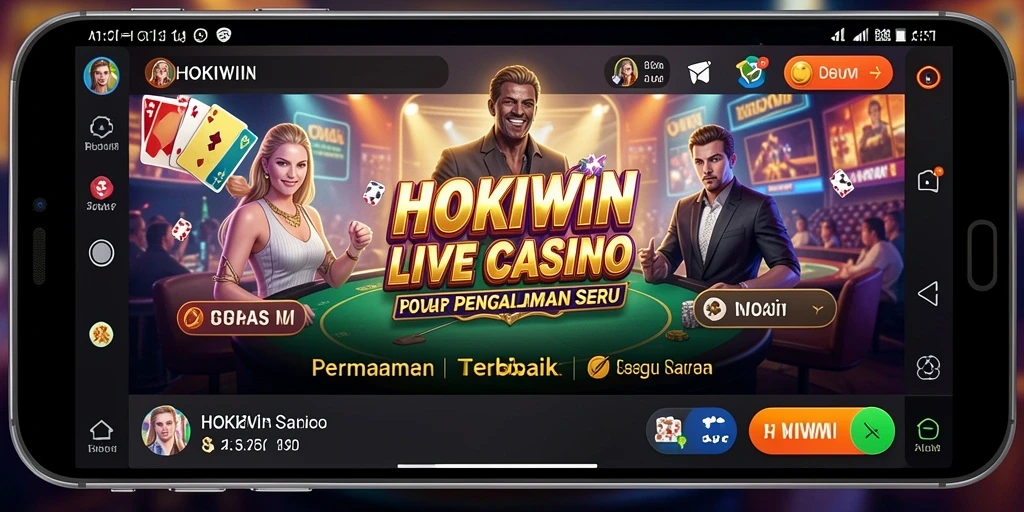 Gambaran menakjubkan dalam permainan Live Casino HOKIWIN.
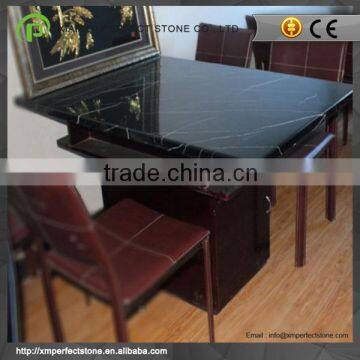 Mable Dining Table With Black And White Marble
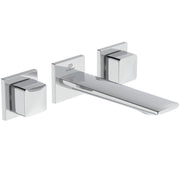 Ideal Standard - Wand-Waschtischarmatur CONCA, BS1+2, eckige Rosetten, Ausld.180mm, Chrom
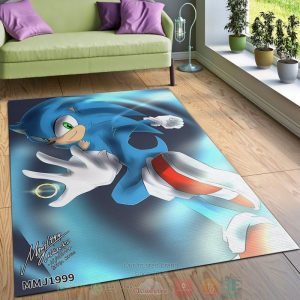 Sonic Cartoon Area Rugs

**Exercise prompt:** Give back only the lines from the one that carries "Ideal Standard - Wand-Waschtischarmatur" through the final line above, both included. Drop all pictures.

**Task result:**
 Ideal Standard - Wand-Waschtischarmatur CONCA, BS1+2, eckige Rosetten, Ausld.180mm, Chrom
 Sonic Cartoon Area Rugs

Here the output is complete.